Cette « redéfinition » en cas d'abus fiscal permet à l'administration fiscale de modifier la forme juridique donnée à une opération, et ce, via la négation et/ou la substitution d'un ou plusieurs actes juridiques, sans que les actes juridiques substitués doivent avoir des effets non fiscaux similaires. En revanche, la disposition anti-abus ne permet pas que de purs faits juridiques soient eux-mêmes modifiés. Le rétablissement (de l’imposition) ne peut donc modifier que la forme juridique, mais pas l'opération sous-jacente qui a été réalisée. Lorsqu'une distribution est ainsi effectivement versée à une société (en l'espèce, une SPF luxembourgeoise), l'administration fiscale ne peut pas simplement écarter cette personne morale pour imposer la distribution dans le chef des actionnaires de cette personne morale.
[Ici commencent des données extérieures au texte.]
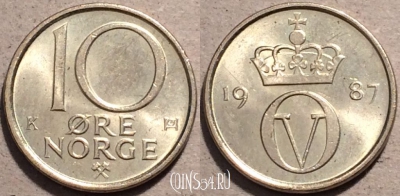 Норвегия 10 эре 1987 год, KM# 416, 92-053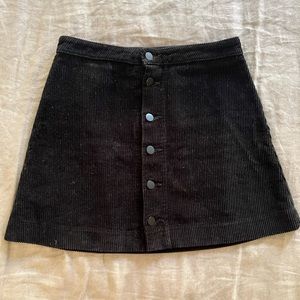 American Apparel Corduroy Button Down Mini Skirt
Cet arrêt de cassation peut être mis en rapport avec un arrêt antérieur de la Cour de cassation du 2 janvier 2020 (F.18.0074.N.), dans lequel la Cour avait jugé, « sous réserve de l'application des dispositions anti-abus prévues par la loi, les impôts sur les revenus doivent, en principe, être établis sur la base de la construction juridique réellement utilisée par le contribuable », et qu’ « il s'ensuit qu'il ne peut être fait abstraction de l'existence d'une société et des conventions conclues par cette société que lorsqu'il est constaté qu'il y a simulation ». La disposition générale anti-abus visée à l'article 344, § 1, du CIR 92 ne permet donc pas elle-même de faire tout simplement fi de l'existence de la personne morale et des actes accomplis par elle.
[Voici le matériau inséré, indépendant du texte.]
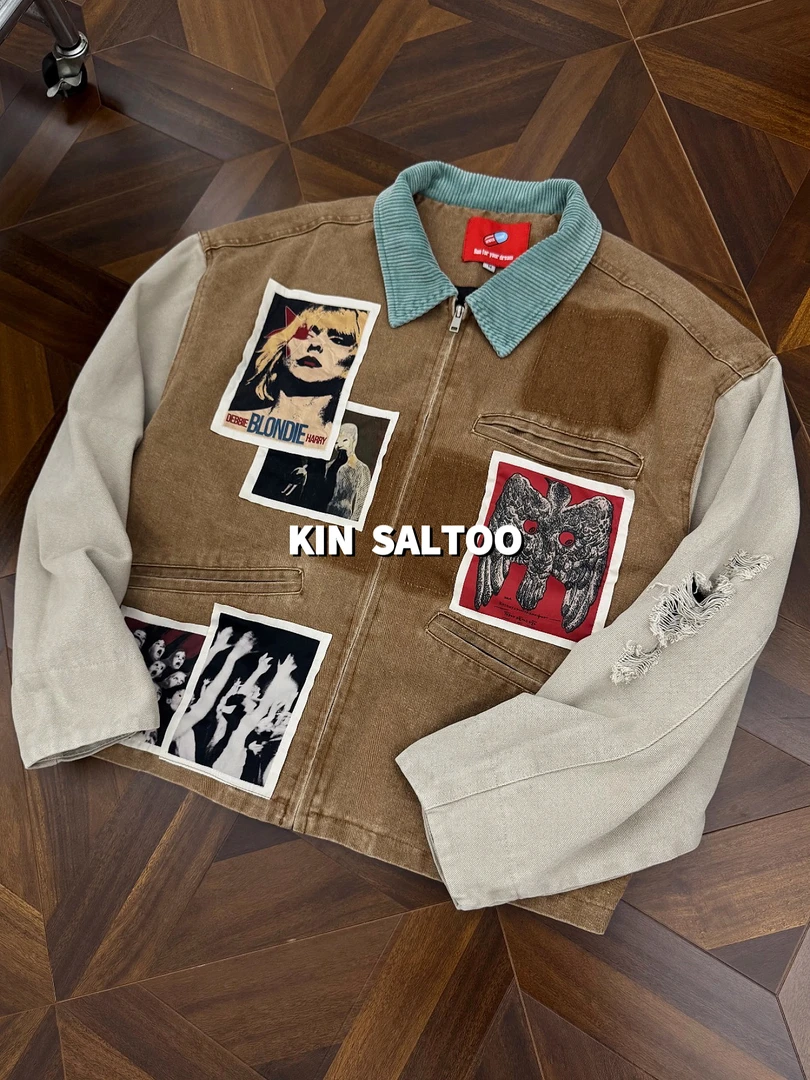 KINSALTOO"底特律拼接“25秋冬工装户外小众设计贴布美式街头夹克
La Cour de cassation clarifie ainsi clairement les limites de l'application de la disposition générale anti-abus. En cas de redressement d’un abus fiscal, l'administration fiscale ne peut pas toucher aux opérations en elles-mêmes. Cela démontre une fois de plus que l'article 344, § 1, du CIR 92 n'est pas un « passe-partout » permettant de mettre de côté la réalité d’une opération sans autre forme de procès.